School is down to the final quarter. I convince myself daily to hold on a little longer. Once school is out I can allow more emotion. I know the reality is that I will still stuff it. There's not much more to do with it these days. I think back to movie scenes in the olden days where people grieved for a specific amount of time. It was observed by all around. I think they had a better grasp on the process of grief than all of our professionals, technology, and society have missed out on. We're expected to tough it out and move on. I think the harder part for me is people assume a grandparent is older and nearing the end of their life anyway. Maybe that should make it easier and more acceptable. Maybe not. There's no doubt my grandmother's life was shortened by a horrible disease. Cure was never listed in the treatment. I know that losing her is painful regardless of any reasoning anyone has to offer. I wanted her cured. I want a phone call, a visit. I just want her back.

June 18, 2011
Days have turned into months. Just when I think I am getting through it I lose it all over again. The tears aren't daily now, but I'm not sure if it's healing or the medication I gave into to get me by. Still the tears come, trying not to forget that last conversation I had. Knowing then that she was saying her good-byes. It was nothing short of miraculous the time we got with her. I should be thankful, that I know in my head. My heart doesn't comply. I wonder if the two will ever meet. Part of me doesn't want to stop grieving. Perhaps it's fear of forgetting her.

July 2011
Some days I'm fooled into what once was normal. I wrestle with how deep my feelings really go. Work keeps my mind occupied. My evening is so busy with motherhood responsibilities that I land in bed too exhausted to dwell on the sadness that lies within.

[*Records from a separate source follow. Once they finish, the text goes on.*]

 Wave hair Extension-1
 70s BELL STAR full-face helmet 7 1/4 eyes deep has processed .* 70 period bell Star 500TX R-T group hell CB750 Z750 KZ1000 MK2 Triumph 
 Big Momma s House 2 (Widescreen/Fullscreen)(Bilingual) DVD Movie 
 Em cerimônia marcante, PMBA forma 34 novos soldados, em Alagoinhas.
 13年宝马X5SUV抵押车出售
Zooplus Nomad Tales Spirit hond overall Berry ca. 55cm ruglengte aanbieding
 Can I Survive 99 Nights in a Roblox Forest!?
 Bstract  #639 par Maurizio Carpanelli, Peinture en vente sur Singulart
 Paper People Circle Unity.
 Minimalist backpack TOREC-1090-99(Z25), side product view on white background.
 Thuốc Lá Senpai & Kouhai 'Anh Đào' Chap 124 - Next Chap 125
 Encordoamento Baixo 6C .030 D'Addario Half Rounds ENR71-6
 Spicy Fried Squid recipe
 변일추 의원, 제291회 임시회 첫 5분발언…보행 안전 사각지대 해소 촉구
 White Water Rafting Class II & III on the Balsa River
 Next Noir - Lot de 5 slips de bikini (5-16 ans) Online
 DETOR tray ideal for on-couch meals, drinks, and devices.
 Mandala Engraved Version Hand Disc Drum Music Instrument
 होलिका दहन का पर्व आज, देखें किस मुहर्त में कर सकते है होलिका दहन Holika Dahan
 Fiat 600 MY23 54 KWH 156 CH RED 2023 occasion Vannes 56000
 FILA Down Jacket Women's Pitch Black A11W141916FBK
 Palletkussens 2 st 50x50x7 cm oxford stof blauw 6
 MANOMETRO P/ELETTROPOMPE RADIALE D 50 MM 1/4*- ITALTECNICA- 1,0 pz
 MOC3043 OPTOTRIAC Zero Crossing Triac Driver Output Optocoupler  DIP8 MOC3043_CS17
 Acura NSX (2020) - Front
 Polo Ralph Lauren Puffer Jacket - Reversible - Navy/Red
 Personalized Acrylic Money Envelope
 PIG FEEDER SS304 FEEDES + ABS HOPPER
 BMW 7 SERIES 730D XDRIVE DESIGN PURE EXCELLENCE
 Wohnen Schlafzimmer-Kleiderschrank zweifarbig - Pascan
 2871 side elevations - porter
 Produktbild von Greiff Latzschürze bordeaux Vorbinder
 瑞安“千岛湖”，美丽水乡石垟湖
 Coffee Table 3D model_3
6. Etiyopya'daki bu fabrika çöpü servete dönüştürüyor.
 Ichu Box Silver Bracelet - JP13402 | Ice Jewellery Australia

Avoidance has become a new way of life for me as I fun from the depression that really holds me prisoner. I don't know who it's safe to confide in. Peace is out of my reach. I find pleasure in my children and my husband but don't desire to search beyond these walls in my house.

I'm afraid of being alone.

Where will this path continue to lead? If loss of one is this unbearable, how would I ever survive the loss of more? I know I'll survive, but now likely without losing a few battles along the way.


If you made it to the end don't lose heart...I will post other thoughts in another blog! Grief is painful and is a process. I'm glad for the ability to grieve, but I can't say I enjoy it in any way! It's not something to be taken lightly.


2 comments:

Laurel said...

Thank you for baring your heart, Stacy. It is a difficult journey. Hugs and prayers.

Stacy said...

Thanks, Laurel. It continues to be difficult, but I'm learning to set aside my pride and somehow embrace this challenge before me. I will hold to the precious promises my Father has given me for He holds my life in His hands and will always be there. I am secured eternally with Him.